## EXERCISE REQUIREMENTS:
Below are entries. Reproduce exactly the lines between the line holding "After the debate, reporters" and the line holding "Self-Portrait Lace Pattern Mock Neck Blouse", inclusive, and only those.

LISTED RECORDS: Begin

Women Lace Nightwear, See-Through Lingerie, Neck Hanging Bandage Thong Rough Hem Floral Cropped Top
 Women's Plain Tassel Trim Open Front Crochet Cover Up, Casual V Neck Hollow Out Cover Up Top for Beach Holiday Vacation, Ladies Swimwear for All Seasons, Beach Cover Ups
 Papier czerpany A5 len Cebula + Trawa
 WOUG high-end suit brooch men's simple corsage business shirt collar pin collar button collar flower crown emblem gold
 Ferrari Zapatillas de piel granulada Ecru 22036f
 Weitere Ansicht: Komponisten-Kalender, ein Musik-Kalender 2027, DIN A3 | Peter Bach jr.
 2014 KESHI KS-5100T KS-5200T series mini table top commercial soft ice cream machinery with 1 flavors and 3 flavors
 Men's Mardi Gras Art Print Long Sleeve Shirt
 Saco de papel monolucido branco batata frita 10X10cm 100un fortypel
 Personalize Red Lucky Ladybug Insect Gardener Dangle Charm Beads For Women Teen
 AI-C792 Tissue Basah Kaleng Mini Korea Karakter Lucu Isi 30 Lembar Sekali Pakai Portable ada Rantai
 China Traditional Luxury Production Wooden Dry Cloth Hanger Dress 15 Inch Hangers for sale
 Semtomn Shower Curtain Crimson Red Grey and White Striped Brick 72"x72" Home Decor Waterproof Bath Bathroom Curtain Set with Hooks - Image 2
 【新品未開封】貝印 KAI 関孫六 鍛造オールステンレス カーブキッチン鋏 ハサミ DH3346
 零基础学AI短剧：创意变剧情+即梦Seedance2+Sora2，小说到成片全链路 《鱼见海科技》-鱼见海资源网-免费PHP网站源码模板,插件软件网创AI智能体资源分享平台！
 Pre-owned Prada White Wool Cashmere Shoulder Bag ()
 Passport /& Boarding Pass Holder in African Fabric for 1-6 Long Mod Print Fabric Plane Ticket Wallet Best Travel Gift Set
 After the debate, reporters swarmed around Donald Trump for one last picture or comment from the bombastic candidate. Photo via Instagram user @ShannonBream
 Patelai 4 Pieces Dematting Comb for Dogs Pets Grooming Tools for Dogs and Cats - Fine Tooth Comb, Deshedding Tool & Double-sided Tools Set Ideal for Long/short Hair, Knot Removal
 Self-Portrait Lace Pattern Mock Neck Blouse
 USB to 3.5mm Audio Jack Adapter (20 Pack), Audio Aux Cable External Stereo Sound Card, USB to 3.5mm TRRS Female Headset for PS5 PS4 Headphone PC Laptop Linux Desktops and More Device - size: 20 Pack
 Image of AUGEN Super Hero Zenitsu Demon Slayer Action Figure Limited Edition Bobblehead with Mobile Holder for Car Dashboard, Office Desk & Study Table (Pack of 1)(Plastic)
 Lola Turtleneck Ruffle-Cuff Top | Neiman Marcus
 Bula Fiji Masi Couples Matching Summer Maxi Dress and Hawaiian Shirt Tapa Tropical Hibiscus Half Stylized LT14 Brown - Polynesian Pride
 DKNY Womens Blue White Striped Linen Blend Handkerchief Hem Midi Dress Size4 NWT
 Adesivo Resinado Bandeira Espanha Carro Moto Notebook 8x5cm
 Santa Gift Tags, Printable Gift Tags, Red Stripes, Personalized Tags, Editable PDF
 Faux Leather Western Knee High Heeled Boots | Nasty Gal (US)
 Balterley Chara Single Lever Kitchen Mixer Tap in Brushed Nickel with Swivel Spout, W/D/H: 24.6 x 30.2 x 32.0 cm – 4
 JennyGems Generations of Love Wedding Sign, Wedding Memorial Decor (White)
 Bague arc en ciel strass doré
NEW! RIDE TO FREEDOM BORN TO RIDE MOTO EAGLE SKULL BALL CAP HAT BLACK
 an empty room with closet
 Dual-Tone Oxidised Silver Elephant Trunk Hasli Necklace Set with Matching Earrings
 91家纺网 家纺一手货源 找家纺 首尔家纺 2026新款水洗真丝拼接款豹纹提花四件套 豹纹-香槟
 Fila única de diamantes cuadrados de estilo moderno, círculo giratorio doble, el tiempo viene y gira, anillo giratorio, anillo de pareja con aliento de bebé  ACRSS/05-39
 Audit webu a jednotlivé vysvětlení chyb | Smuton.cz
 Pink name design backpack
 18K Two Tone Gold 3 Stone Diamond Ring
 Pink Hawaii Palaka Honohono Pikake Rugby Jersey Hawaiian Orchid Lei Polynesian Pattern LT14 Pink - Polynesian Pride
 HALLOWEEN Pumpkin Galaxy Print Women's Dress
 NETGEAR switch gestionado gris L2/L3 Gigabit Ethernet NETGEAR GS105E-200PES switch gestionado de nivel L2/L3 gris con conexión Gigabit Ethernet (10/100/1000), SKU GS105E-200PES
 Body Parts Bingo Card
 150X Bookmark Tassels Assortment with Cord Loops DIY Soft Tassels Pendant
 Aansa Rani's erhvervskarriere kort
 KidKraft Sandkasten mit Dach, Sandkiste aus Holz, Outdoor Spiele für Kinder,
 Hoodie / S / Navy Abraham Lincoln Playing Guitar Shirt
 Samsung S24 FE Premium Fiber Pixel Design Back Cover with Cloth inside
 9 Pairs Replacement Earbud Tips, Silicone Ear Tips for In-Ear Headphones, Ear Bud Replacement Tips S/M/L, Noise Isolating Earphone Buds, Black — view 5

LISTED RECORDS: End

## ANSWER BOX:
 After the debate, reporters swarmed around Donald Trump for one last picture or comment from the bombastic candidate. Photo via Instagram user @ShannonBream
 Patelai 4 Pieces Dematting Comb for Dogs Pets Grooming Tools for Dogs and Cats - Fine Tooth Comb, Deshedding Tool & Double-sided Tools Set Ideal for Long/short Hair, Knot Removal
 Self-Portrait Lace Pattern Mock Neck Blouse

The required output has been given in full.